Art McNally
- Art McNally

Personal information
- Born: July 1, 1925 Philadelphia, Pennsylvania, U.S.
- Died: January 1, 2023 (aged 97) Yardley, Pennsylvania, U.S.

Career information
- High school: Roman Catholic (Philadelphia)
- College: Temple

Career history
- National Football League (1968–1987) Supervisor of officials; National Football League (1988–1990) Director of officiating; World League of American Football (1991–1995) Head of officiating; National Football League (1996–2007) Assistant supervisor of officiating; National Football League (2008–2015) Officiating observer and trainer;
- Pro Football Hall of Fame

= Art McNally =

American football official (1925–2023)

Arthur Ignatius McNally (July 1, 1925 – January 1, 2023) was an American professional football executive who was director of officiating for the National Football League (NFL) from 1968 to 1991. Before becoming director of officiating—succeeding Mark Duncan, who had held the position from 1964 to 1968—McNally served as a field judge and referee in the NFL for nine years from 1959 to 1967. During a 22-year span, he officiated over 3,000 football, baseball, and basketball games, which included one year in the National Basketball Association (NBA). In 2022, McNally became the first NFL game official to be enshrined into the Pro Football Hall of Fame.

==Biography==
McNally was a native of Philadelphia born on July 1, 1925. He graduated from Roman Catholic High School in 1943, served in the Marines during World War II, before graduating from Temple University in Philadelphia. He was a teacher and coach in the Philadelphia school district at Central High School until his appointment as the NFL's supervisor of officials before the 1968 season. He refereed for a season in the National Basketball Association as reported by Sunday Today with Willie Geist.

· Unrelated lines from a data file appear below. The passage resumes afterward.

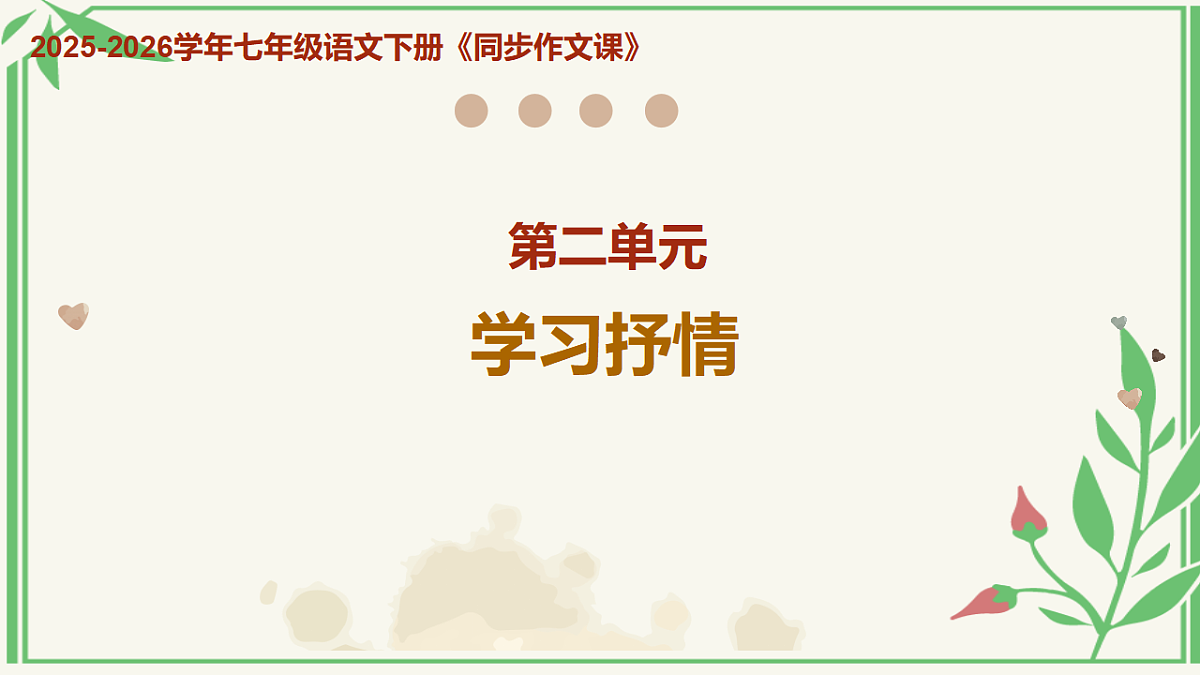 17963619第1页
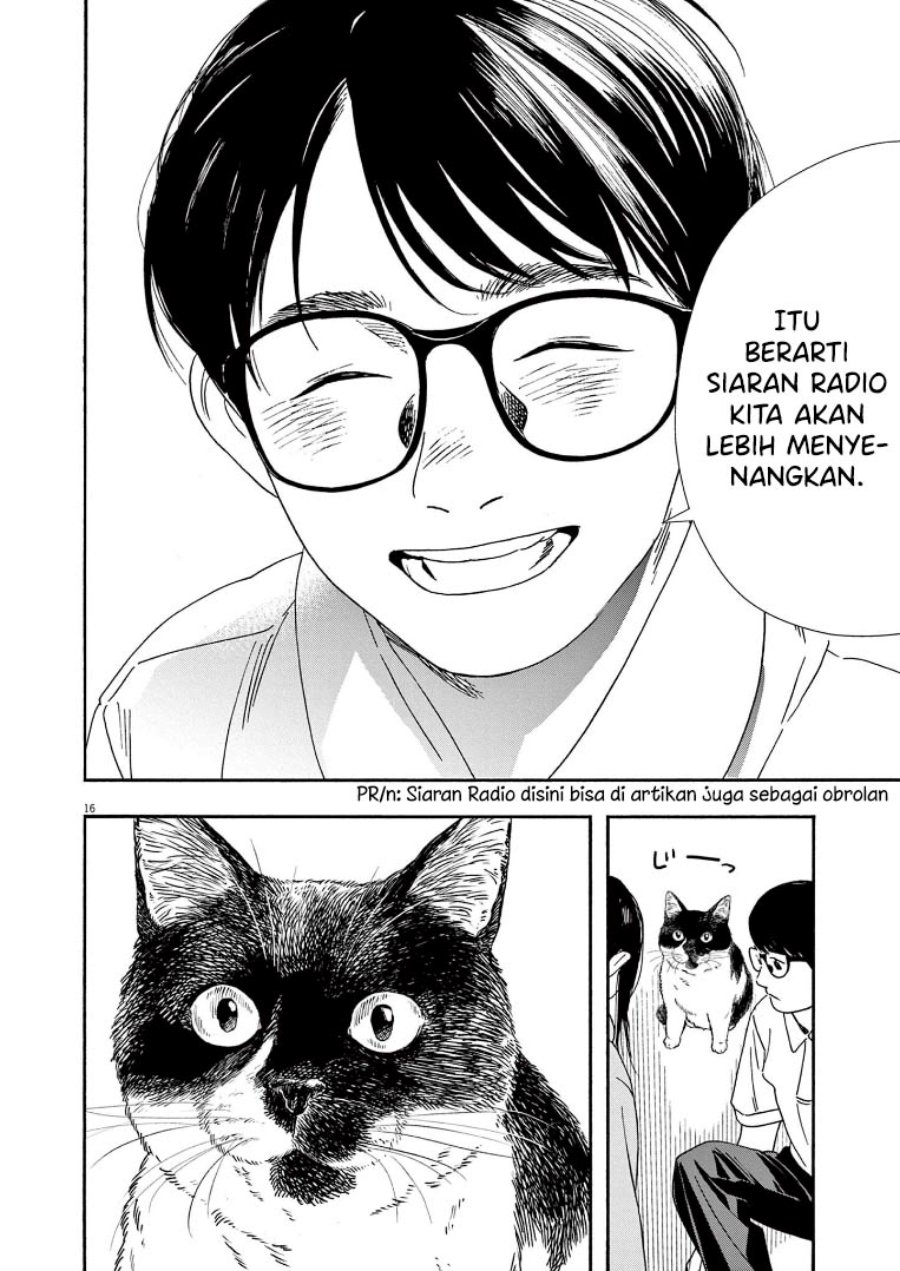 Insomniacs After School Chapter 57 Gambar 17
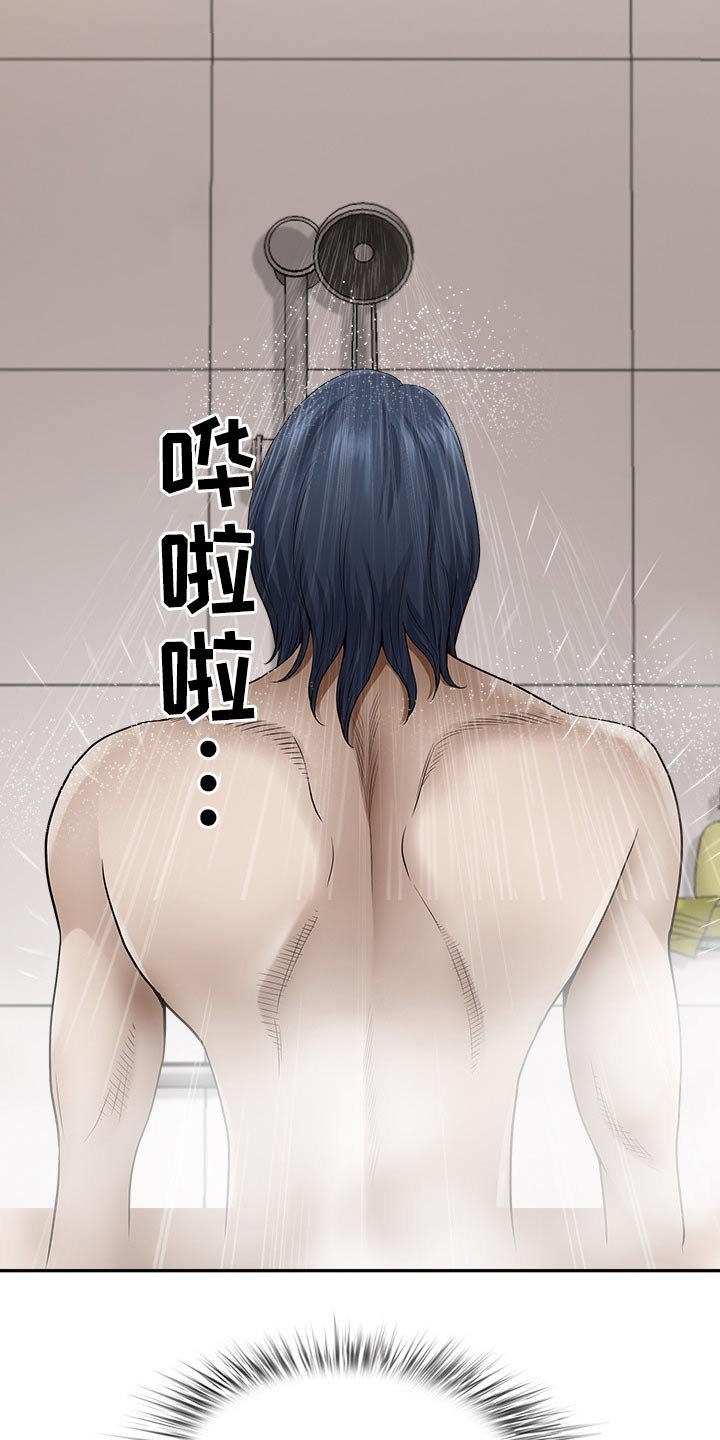 第66章：忽悠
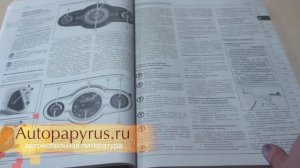 Руководство по ремонту Ford Ecosport с 2012 г.в.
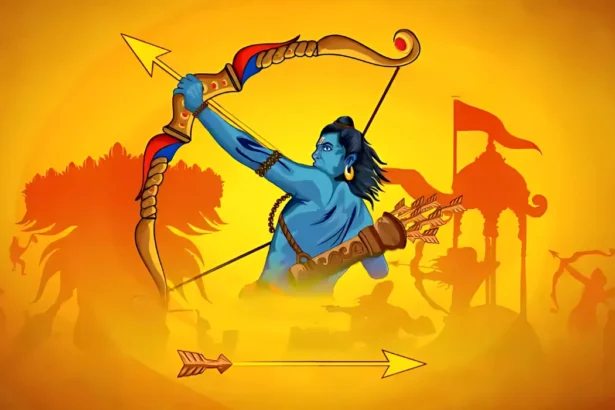 rama navami 2025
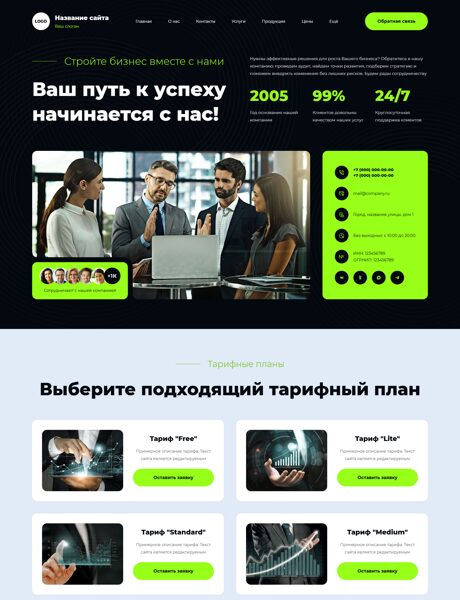 Дизайн № 106654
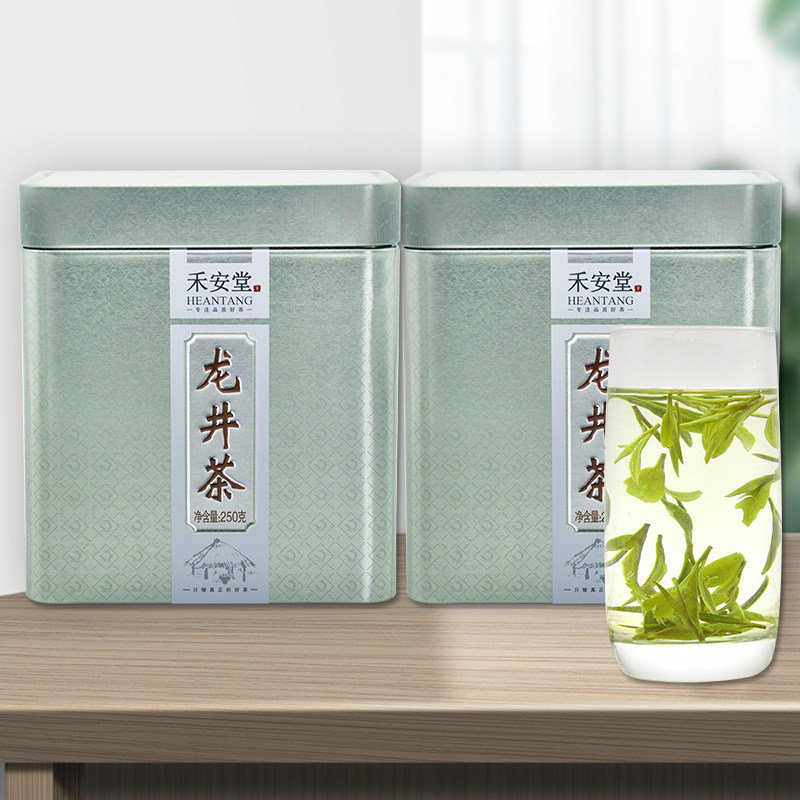  禾安堂龙井茶（非西湖）
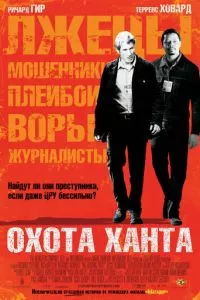 смотреть Охота Ханта (2007)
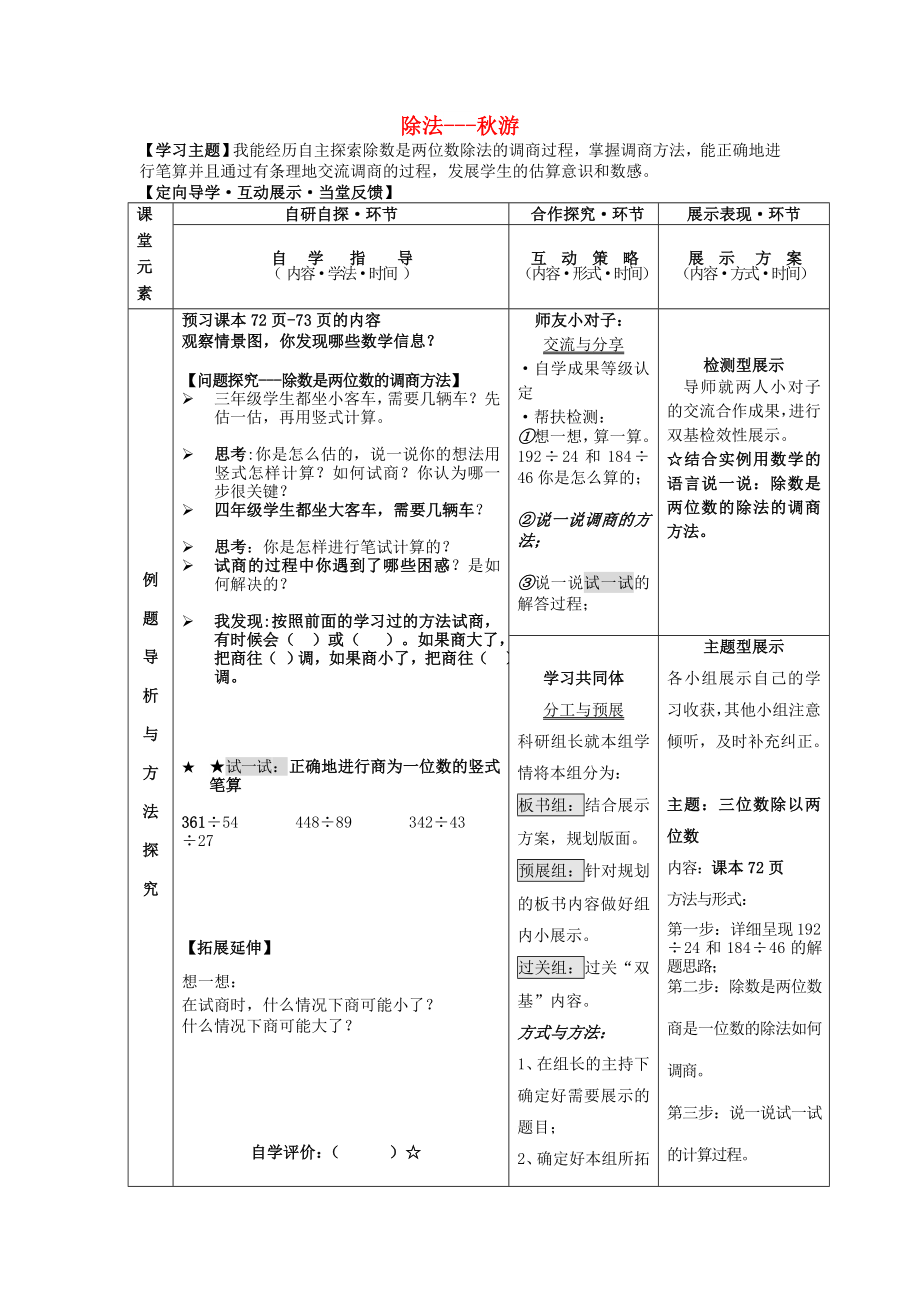 2022秋四年級數(shù)學上冊 第六單元 秋游教案 北師大版_第1頁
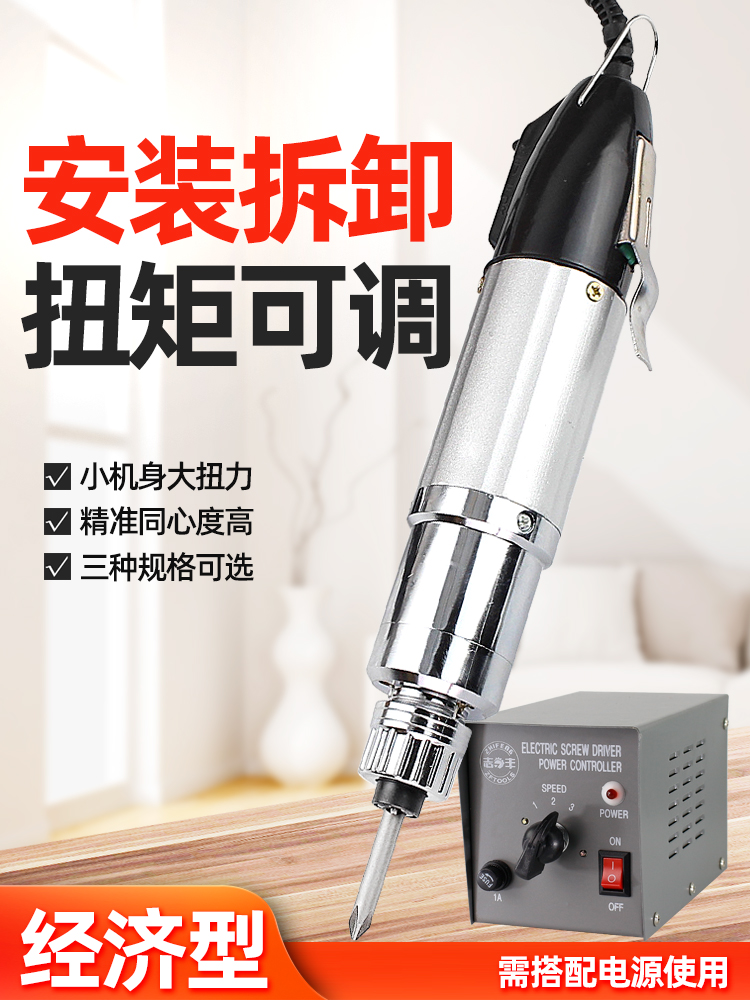 经济型802电批801电动螺丝刀起子800电改锥小型直柄螺丝批扭力批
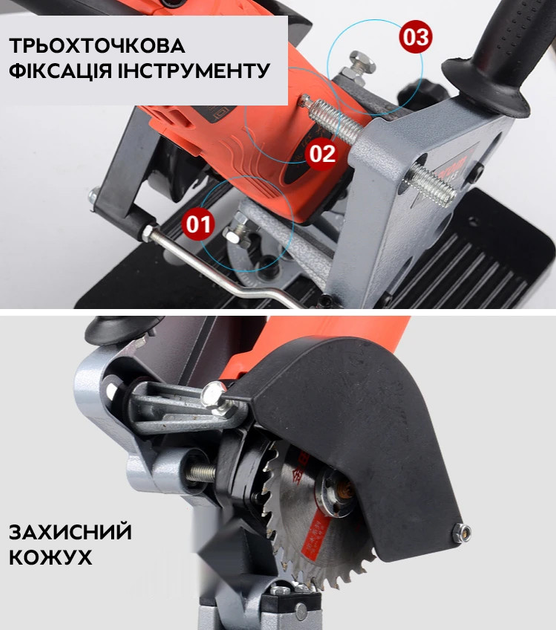 Стойки для болгарок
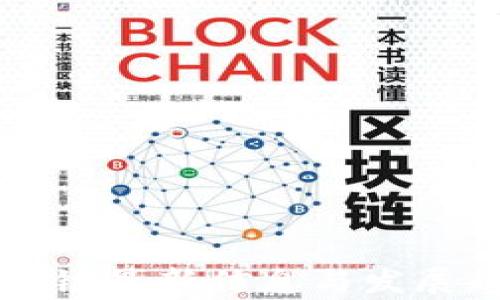 
上海区块链最新信息与发展趋势分析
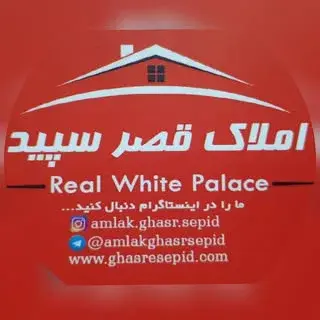 مشاورین املاک قصر سپید شیراز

As NFL director of officiating, McNally headed a department of five men who coordinated and directed a staff of 112 game officials. He was responsible for the scouting, screening, hiring, and grading of the seven-man crews that work each NFL game. McNally was instrumental in using game footage for the evaluation of game officials.

McNally was succeeded by Jerry Seeman after the 1990 season. After retiring as director of officiating, McNally accepted the position as Supervisor of Officials for the World League of American Football in December 1991, a position he held for five years. McNally continued to serve as a league consultant and game observer thereafter.

McNally returned to the NFL front office in 1996 to work as an assistant supervisor of officials, a position he served in until 2008, before transitioning to an observer role for eight seasons. McNally officially retired following the 2015 season.

==Personal life and death==
McNally was married to his first wife, Rita, until her death in 1981. He married his second wife, Sharon, in 1986. He had four children - Zach, Jonah, Brayden, and Jake.

After the death of Charley Trippi in October 2022, McNally was the oldest living member of the Pro Football Hall of Fame until his own death.

McNally died at a hospice facility in Yardley, Pennsylvania, on January 1, 2023, at the age of 97.

==Awards and honors==
In August 2022, McNally became the first NFL official inducted into the Pro Football Hall of Fame, after being voted in that January. At 96, McNally was the oldest person to be inducted during his lifetime.

- Oversaw the first instant replay system in the NFL beginning with the 1986 season.
- Enshrined to the Pennsylvania Sports Hall of Fame, 1987.
- First recipient of the Gold Whistle Award, National Association of Sports Officials, 1988.
- NFL Commissioner Paul Tagliabue created the Art McNally Award in 2002 to annually honour an NFL game official who exhibits exemplary professionalism, leadership and commitment to sportsmanship on and off the field.
- Recipient of the Reds Bagnell Award, Maxwell Football Club, 2004.
- Named a finalist for the 2020 class of the Pro Football Hall of Fame as a contributor.
- Inducted to the 2022 class of the Pro Football Hall of Fame, the first game official to be enshrined in Canton.
- Inducted into the Philadelphia Sports Hall of Fame in 2022.